Put equality and community at centre of Liberal policy

TheStar.com – Opinion – Party elder advocates guaranteed income and thorough reform of taxation system
Published On Fri Jan 29 2010.   Tom Kent

In the first article of this series, Tom Axworthy emphasized Canada’s need for a strong commitment to equality and community. That was the driving force of liberalism in its creative periods. It should be again.

The policy problem is that there are many inequalities to combat, anti-social practices to overcome. Uncertain politicians take refuge in talking vaguely about any and all. A reforming party becomes serious when it has plain priorities concentrated on a few, coherent objectives.

Even right-wing economists recognize that contemporary technology makes investment in the abilities of people our prime necessity. Liberalism will come back to life when it embraces a new national policy: a summons to voting Canadians today to make it possible for all our children and grandchildren to become the citizens of an enlivened Canadian community tomorrow.

Canadians have never lacked community spirit in their neighbourhoods. The task of statesmanship is to enlist the same sharing attitude for national benefit.

One child in 10 now grows up in poverty. Not only is this morally indefensible in a rich society, it impairs the abilities on which that richness will increasingly depend. The first concern must be to eliminate child poverty.

It cannot be done by federal action alone. To be free from poverty requires about 50 per cent more money in a large city than in a small community. National revenue cannot be used to guarantee people more income in Toronto than elsewhere. As the beginning of a realistic minimum countrywide, I suggest “a thousand a month.” Low incomes would be made up to an annual $12,000 for single people, appropriately more for families.

That basic assurance would greatly reduce poverty, not end it. Necessary supplements are federal business on Indian reserves. Elsewhere, social services and income additions, including the housing allowances required in larger communities, are provincial responsibilities.

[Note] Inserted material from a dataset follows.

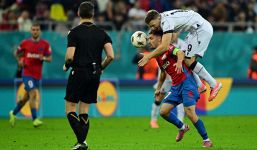 Steaua-Bologna, moviola: Skorupski 4’ da leggenda ma rischia il flop, festival delle proteste, manca un rigore, annullato eurogol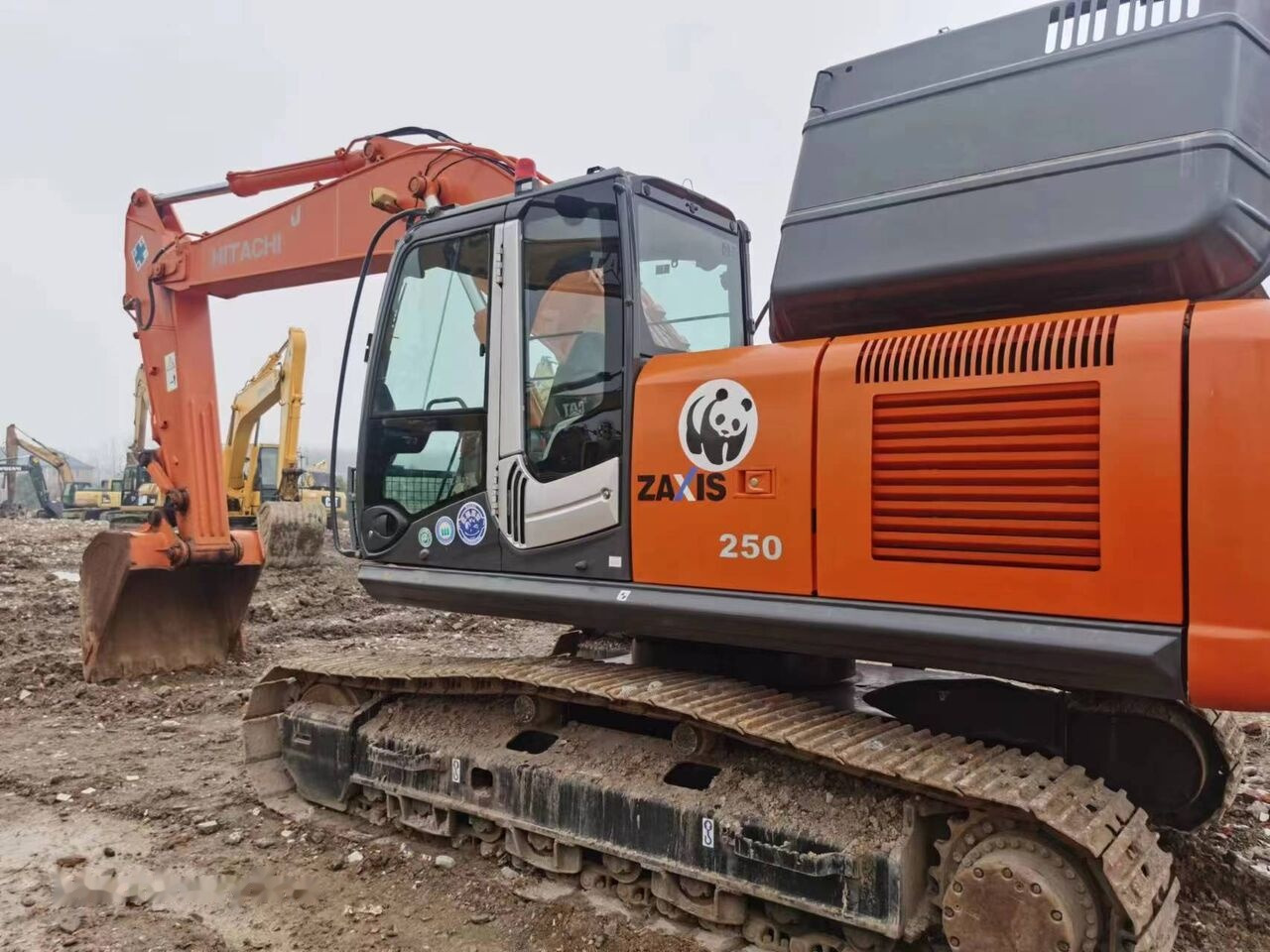 Hitachi ZX250 - Гусеничный экскаватор: фото 4 Hitachi ZX250 - Гусеничный экскаватор: фото 4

So is schooling. But Ottawa has a role both before and after. It now contributes to daycare. The provision is generous if the parents are well off because the method is to deduct the fees from taxable income. The equitable way would be a sliding scale, related to income, for reimbursing the costs of care, especially of preschoolers. For many, early childhood socializing and learning are the foundation for later education.

Health care is even more important. It is still concentrated on treating people when they are sick, rather than promoting health. We need the prevention services that are particularly important in youth. They will not get priority by just throwing more money at the provinces. Extra funding should be directed strictly to comprehensive care for young children, extending as soon as possible to teenagers.

Almost equally important is training in contemporary work skills. The present federal effort is linked with unemployment. Industrial progress requires new skills also for entrants to the labour force and for people trapped in jobs below their potential. Necessary public financing could be in the form of advances recoverable by a graduated surtax on the trainee’s subsequent earnings.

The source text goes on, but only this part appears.